Mas é ao distanciarmos um pouco do campo dos discursos e dos arquivos que esse esforço de cisão e confronto de John Gianvito assume uma forma emblemática, é ao olharmos para as coisas que são de fato gravadas e registradas por ele. Enquanto o som ocupa-se com a narração histórica, a voz ensaística consciente, a imagem frequentemente vai para um outro lugar, ela se ocupa com os ambientes que eram familiares a Keller. A velha casa, o rio, a neve, a grama, etc. Todas as coisas são vistas sob um ponto de vista que parece evocar uma tactilidade (Keller não teria como dimensionar a extensão do mundo se não fosse pelo tato). A extensão de uma paisagem é obliterada de modo que só percebemos aquilo que está ao alcance do corpo e de seus membros. Porém isso soa quase contra intuitivo, não só Her Socialist Smile não é um filme de alusões sensitivas fáceis como também seria um enorme contra senso construir uma sensibilidade audiovisual para experiências que não eram auditivas ou visuais. O que poderia nos levar à conclusão de que essas imagens gravadas pela câmera de Gianvito não são simplesmente a tentativa de expressão de algo inefável, mas sim o “negativo” das experiências de Keller, o contracampo de suas sensações dentro de um esquema representativo.

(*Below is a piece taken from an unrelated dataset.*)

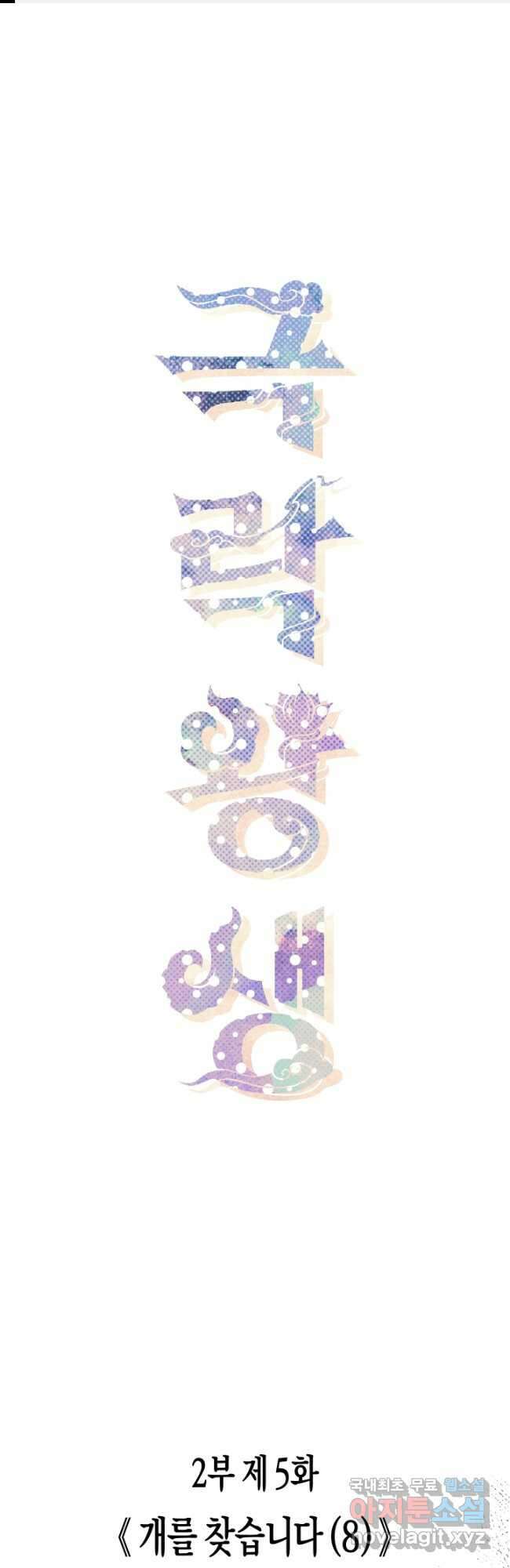 극락왕생 116화 1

Ao assumir o presente como o território possível para as sensações, temos a oportunidade de nutrir um sentimento por um determinado momento na história e ao mesmo tempo escapar de seu potencial sedutor e galvanizante. Keller em certo momento no filme escreve sobre os sentimentos conflitantes que ela tem com sua terra natal, o estado confederado do Alabama que, mesmo após a guerra civil americana e a abolição da escravatura, ainda carregaria um espírito reacionário e preconceituoso pelos anos seguintes. Disso surge uma imagem chave quanto à ética de Gianvito em Her Socialist Smile, tão assombrada e política quanto as paisagens de Cedo Demais/Tarde Demais de Straub e Huillet: quando filma-se os campos de algodão ao lado da casa de infância de Keller. O algodão se desprende graciosamente das flores com o vento, não há indício de qualquer presença humana e muito menos de escravos. O que se conquistou ao levar adiante um sentimento de dessatisfação no passado é sentido no estado das coisas hoje, o presente é o dado histórico mais óbvio e também o território da mudança.